I’ve been working on an idea set in a college that’s inspired by the tone of The OC and I’m nervous I have to explore the relationships of faculty. Greek settled differentiating the storylines with a bit of an upstairs-downstairs dynamic of upper and lower-classmen. I’ll need to find a creative approach to finding other points of view.
- Good Alternatives – Seth and Summer are destined to be together as much as Sandy and whoever that bushy-browed love machine wants are (which happens to be Kirsten), so finding a way to derail that realistically is hard without putting Seth through the pain of seeing her with another guy. That feeling is one that we don’t want to watch because Seth can’t really be active. So give him a really attractive alternative. Not attractive in terms of model looks (although Samaire Armstrong is really pretty), but in terms of compatible personality. It’s real conflict.
- Casting – I don’t watch the show if Mischa Barton and Rachel Bilson aren’t so attractive. Guy’s perspective. I don’t watch the show if Ben McKenzie and Adam Brody aren’t so dreamy. Girl’s perspective. I’d fuck the shit out of Peter Gallagher. Everyone’s perspective.
- Jews – Positive Jewish role models in media are not always present despite stereotypes that everyone in Hollywood is Jewish. Seth Cohen made me proud to be a Jew and Chrismukkah is one of the most fun instances of pop culture Judaism in my memory.
- Over the Topness – A show that plays around like this is allowed to have some crazy stories every once in a while. The cougar seducing her daughter’s ex is a bit played and spectacular, but it works in this show.
- Constant Flux – The arc theory of 6-8 episodes holds. There is never a calm because there is always a storm somewhere. It just may not be ready to hit. Imagine a car crash. One car was going to the zoo. Fun. The other car was driven by a drunk. Boom. That two emotional reactions and they escalate.
- Moving Out – I know you can’t just have the actors hanging around all the time because they are expensive, but how many people really move away? Maybe one, but it’s probably not coincidentally the person that needs to go. I’m looking at you, Anna.
- Jimmy – This guy gets away with too much sleeze.
- Trey – They recast you for a reason.
- The mom – She was just annoying. Ugh. I get it. You’re a drunk. Go away.
- Flux – Never stay stagnant. Always look to throw a wrench in as soon as people achieve equilibrium. But let them reach equilibrium. It’s nice to have good moments.
- Be Yourself – The show has a voice unlike any other. The universe is one that exists because of tone.
- Characters – More episodes means more characters. Maybe look to keep 13 in mind and the back 9-11 could have newer, more exploratory arcs. I don’t want to have to get broad if I don’t have to. But maybe that was the point.
- Legal bullshit – Don’t get bogged down with SEC shit. It’s a mess.

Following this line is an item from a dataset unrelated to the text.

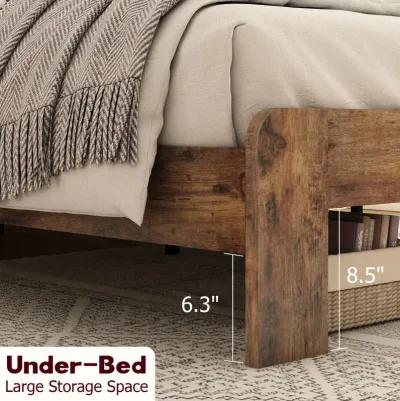 Queen Size Wood Platform Bed Frame with Storage in Dark Brown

Conflict: A Three Ring Circus
The amazing Juggalo (no relation) comes out to entertain the kids. He shows them three tennis balls. He juggles them easily. He asks a girl in the front row to toss him two more balls. Now he’s juggling 5 balls. Wow. He throws one ball way in the air and throws the other 4 away. Now he has batons. He juggles the batons and then catches the ball in the air and keeps juggling them all. Wow. Now, he’s lit the batons on fire. Juggles again. Now he’s on a unicycle. This guy’s amazing. He goes up 50 ft in the air to unicycle on a tightrope while juggling over a tank of sharks. It’s an amazing feat. Until he falls. And a curtain drops. It seems we’ll have to come back in the fall to find out if he lived or died. Only on Fox.